What therefore is the heaven to which Jupiter leads the Gods? For if we should say that it is the sensible heaven, as certain other persons say it is, it will be necessary that the more excellent genera should be converted to things naturally subordinate to themselves. For if Jupiter the mighty leader in the heaven proceeds to this sensible heaven, and leads to it all the Gods that follow him, he will have a conversion to things subordinate, and posterior to himself. And together with Jupiter, this will also be the case with all the leaders, and the Gods and dæmons suspended from these; though the same Socrates in the Phædrus says, that even a partial soul when perfected is conversant with sublime concerns, and governs the whole world. How is it possible therefore, that the leaders of whole souls should be converted to the sensible heaven, and exchange the intelligible place of survey for an inferior allotment, when through these souls they preside over the universe, in order that they may illuminate mundane natures with a liberated and unrestrained power? In addition to these things also, what are the blessed intellections of the Gods within this sensible heaven, and what are the evolutions of all the knowledge of sensibles?[213] For in short the Gods know sensibles, not by a conversion to them, but by containing in themselves the causes of them. Hence intellectually perceiving themselves, they know sensibles causally, and rule over them, not by looking to them, and verging to the subjects of their government, but by converting through love inferior natures to themselves. Neither therefore, is it lawful for the Gods who adorn the whole of heaven, and think it worthy their providential care, to be ever situated under the circulation of this heaven; nor is there any blessedness in the contemplation of the things which exist under it; nor are the souls that are converted to this contemplation among the number of those that are happy, and that fellow the Gods, but they rank among those that exchange intelligible for doxastic nutriment, such as Socrates says, the souls are that are lame, that have broken their wings, and are in a merged condition. Since therefore passions of this kind belong to partial souls, and these not such as are happy, how can we refer a conversion to the sensible heaven to the ruling and leading Gods?

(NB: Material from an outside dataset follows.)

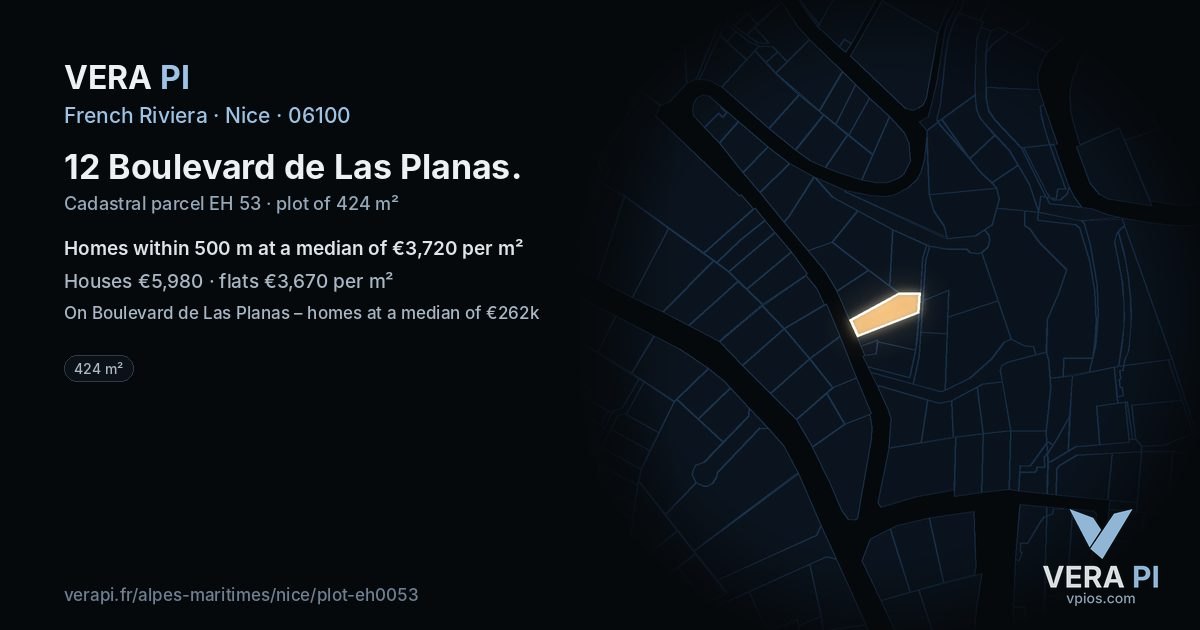 12 Boulevard de Las Planas, Nice at night – the plot lit, the parcels around coloured by the prices near them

Farther still, Socrates says that souls standing on the back of the heaven, are carried round by the circumvolution itself of the heaven; but Timæus, and the Athenian guest say, that souls lead every thing in the heavens by their own motions, externally cover bodies with their motions, and living their own life through the whole of time, impart to bodies secondarily efficient powers of motion. How therefore do these things accord with those who make this heaven to be sensible? For souls do not contemplate and dance round intelligibles, through the circulation of the heavens; but through the unapparent convolution of souls, bodies revolve in a circle, and about these perform their circulations. If therefore any one should say that the sensible heaven circumvolves souls, and that it is divided according to the back, the profundity, and the subcelestial arch, many absurdities must necessarily be admitted.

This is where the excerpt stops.